Private equity (PE) deal activity stabilised in Q2 2025, after suffering a drop off in the previous quarter, with the tech industry being the first to bounce back, according to analysis of PitchBook data by leading audit, tax and consulting firm RSM UK.
UK PE buyouts rose 3% from 317 in Q1 2025 to 327 in Q2 2025, but were down 16% from 391 in the same quarter last year. After dipping across all industries in Q1 2025 (down 32%), the technology and media industry appears to be the first to bounce back, with PE buyouts up 34% from 56 to 75 in Q2 2025. The consumer industry was also up 13% from 47 to 51 in the same period. Buyout activity was driven by a rise in add-ons, increasing 54% from 41 in Q1 2025 to 63 in Q2 2025 for the technology and media industry, and up 40% from 25 to 35 in the consumer sector.
UK corporate M&A deals rose from 601 in Q1 2025 to 620 in Q2 2025, with the biggest increases in the technology and media industry (up 19% from 96 to 114) and the consumer industry (up 17% from 154 to 180).

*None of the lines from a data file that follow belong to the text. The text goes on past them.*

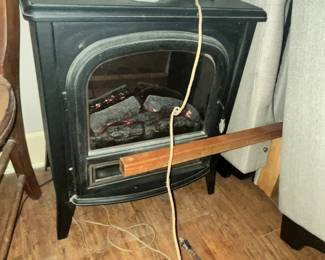 PAIR OF ELECTRIC ROOM HEATERS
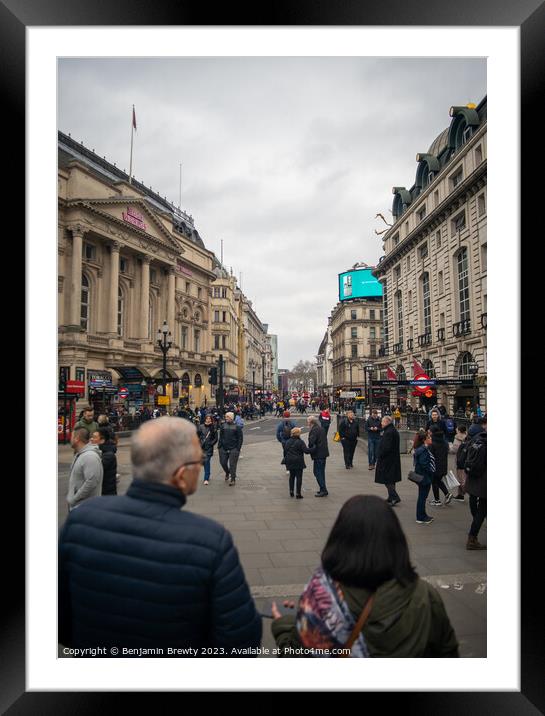 People Watching  Framed Mounted Print by Benjamin Brewty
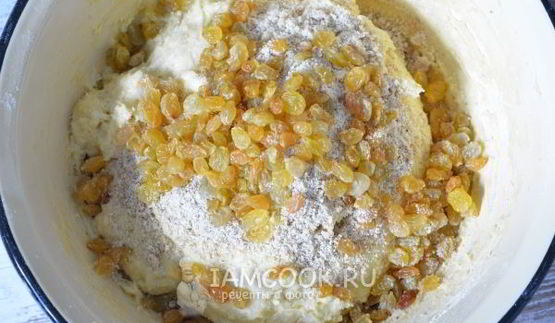 кулич с миндалем и лимонной цедрой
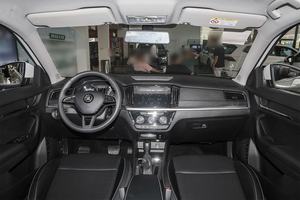 SKODA Kamiq SUV di Lusso 2024 2025 Usato/Nuovo, Benzina, Turbo 1.4T 150CV, Cambio Automatico <span class=keywords><strong>a</strong></span> 7 Marce, 5 Posti, <span class=keywords><strong>Auto</strong></span> di Seconda Mano - Product Image 3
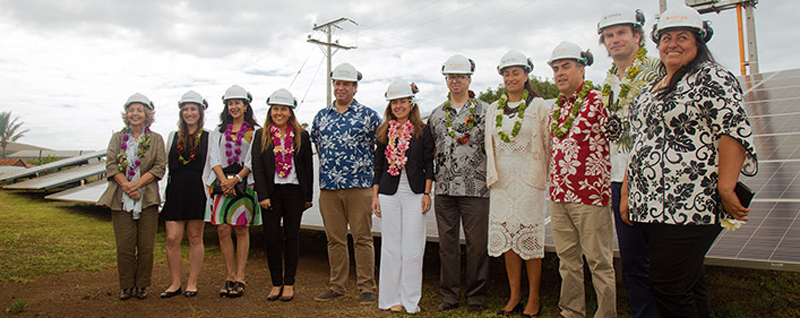 Acto de puesta en marcha de la planta fotovoltaica donada por Acciona a la Isla de Pascua. 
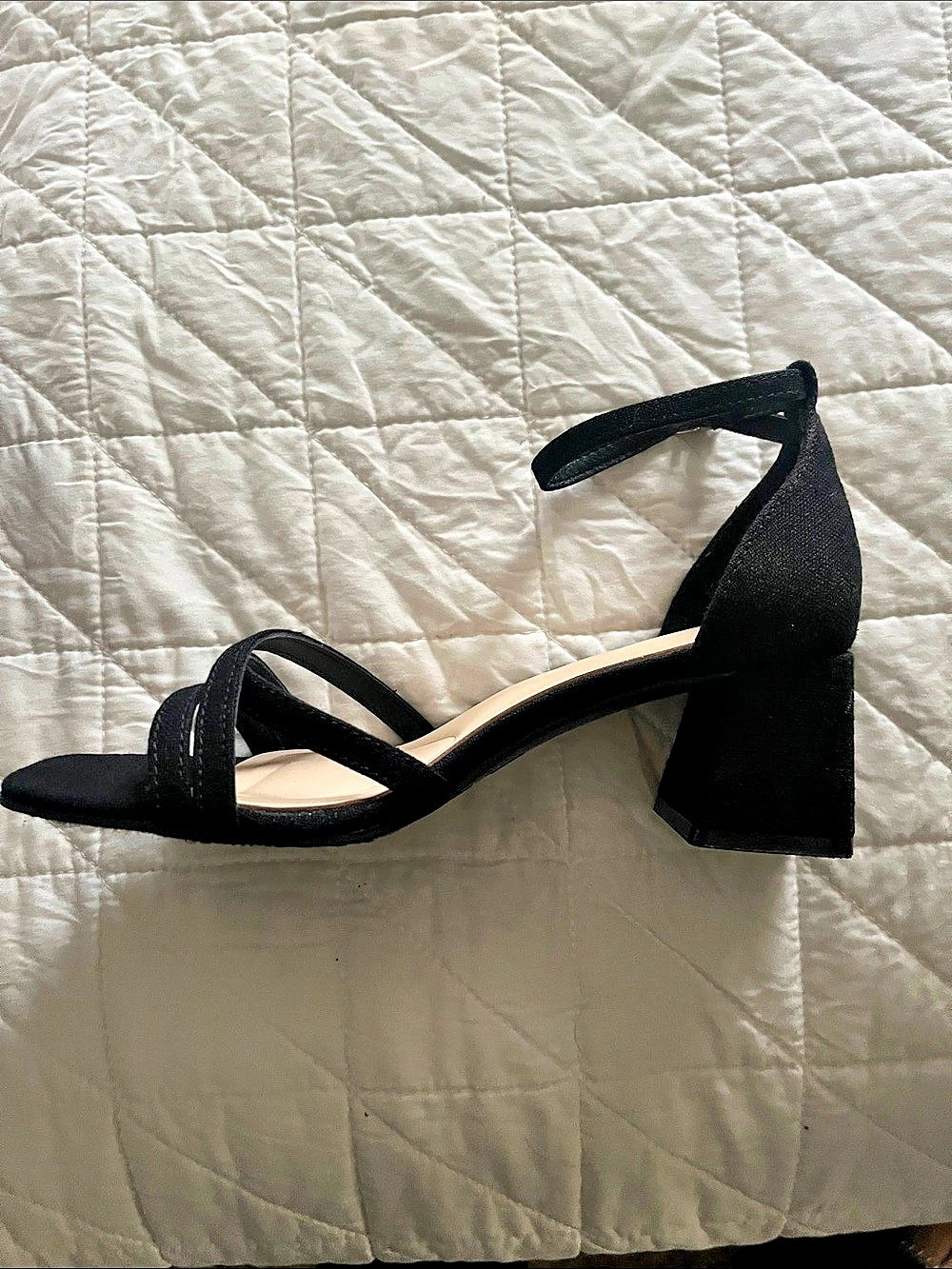 Chelsea Moreland Black Ankle Strap Heels Like New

However, the total number of venture capital deals dropped a further 27% from 461 to 337 in the same period.
Salik Chaturbhai, Private Equity Analyst and Financial Modelling Lead for PE at RSM UK, said: “It’s positive to see PE buyouts picked up in Q2 after a slower than expected start to the year. PE is feeling the strain across several fronts, with pressure points not only in deal activity but also fundraising and portfolio performance. That said, there remains plenty of opportunity for firms that are proactive with strategic add-ons and value creation strategies.”
“The technology and media industry is ahead of the game, as one of the first sectors to bounce back from Q1’s dip, fuelled by growth in add-ons. It’s also encouraging to see the consumer industry holding up relatively well. Despite facing external shocks, there are still opportunities to be found, including those driven by strategic add-ons.”

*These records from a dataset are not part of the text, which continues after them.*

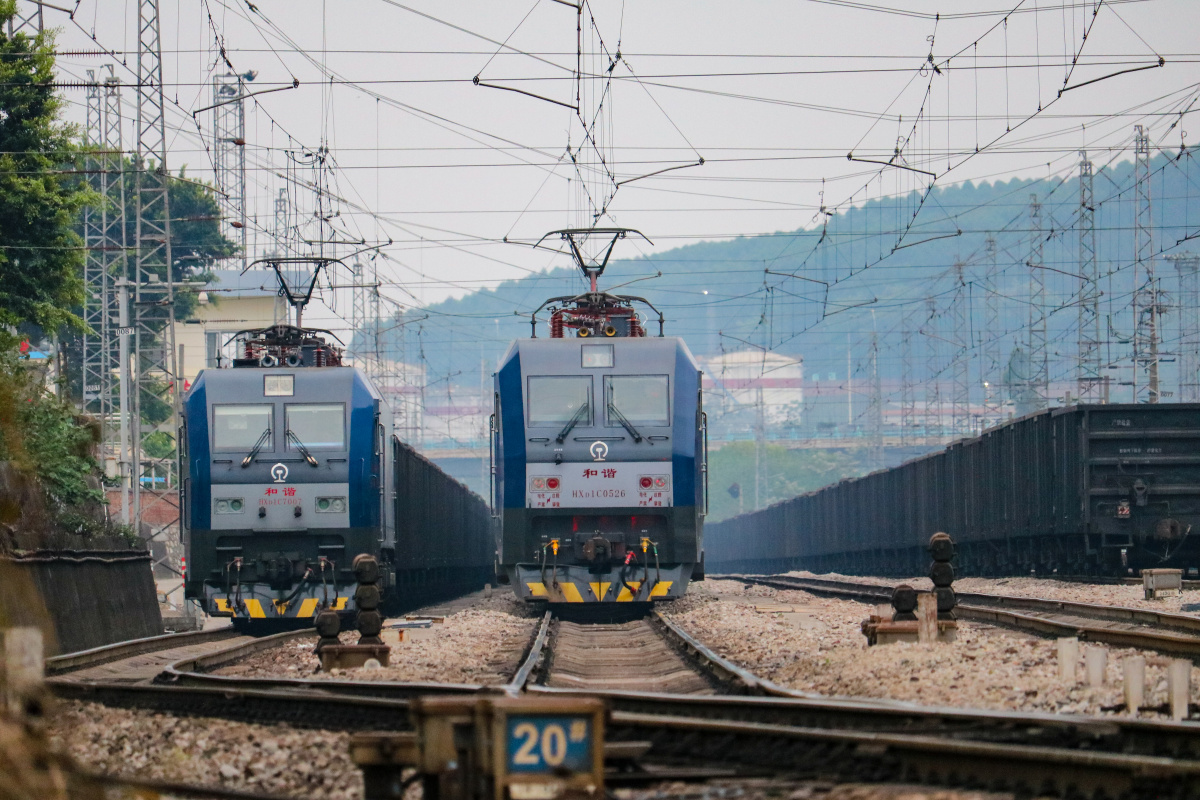 铁路#跑道运输系统发动机站平台派遣货物hxd1c#电力机车还没有人打赏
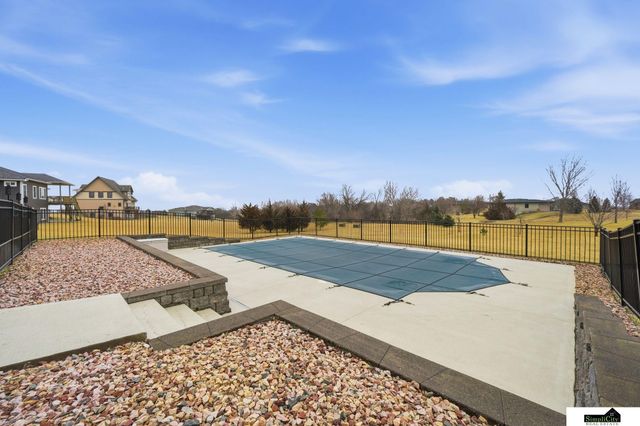 2330 SW 47Th Street, Lincoln, NE 68522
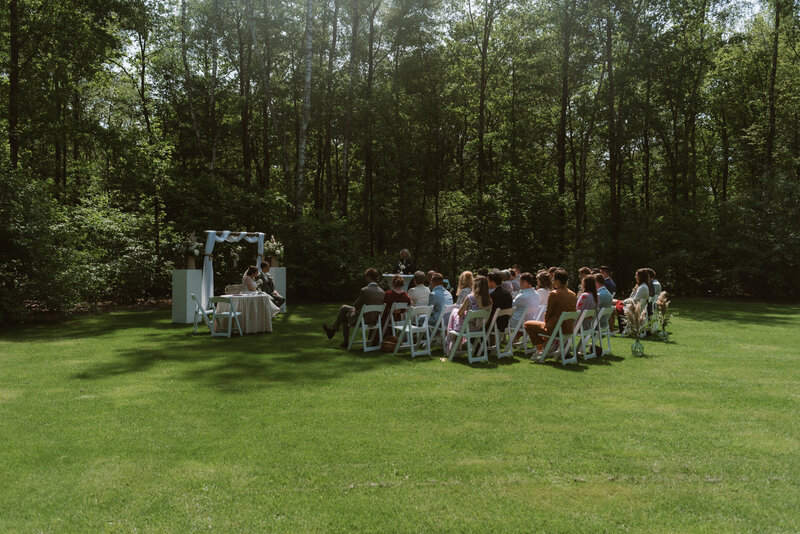 Ceremonie bruiloft trouwen in het bos documantaire fotograaf bruidsfotograaf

Stuart Clowser, Head of Private Equity at RSM UK, said: “While the challenging market looks like it’s here to stay, this creates space for well-prepared firms to step in and add value. We expect much of this year’s volume growth to take place in the second half of the year, but for that to happen, PE firms need to adapt, focusing on industry experience and embracing technology to deal with risks appropriately. It’s imperative that investment teams possess deeper industry knowledge, including having a strong understanding of sector-specific risks and the most appropriate strategies, so they are best placed to support growth.”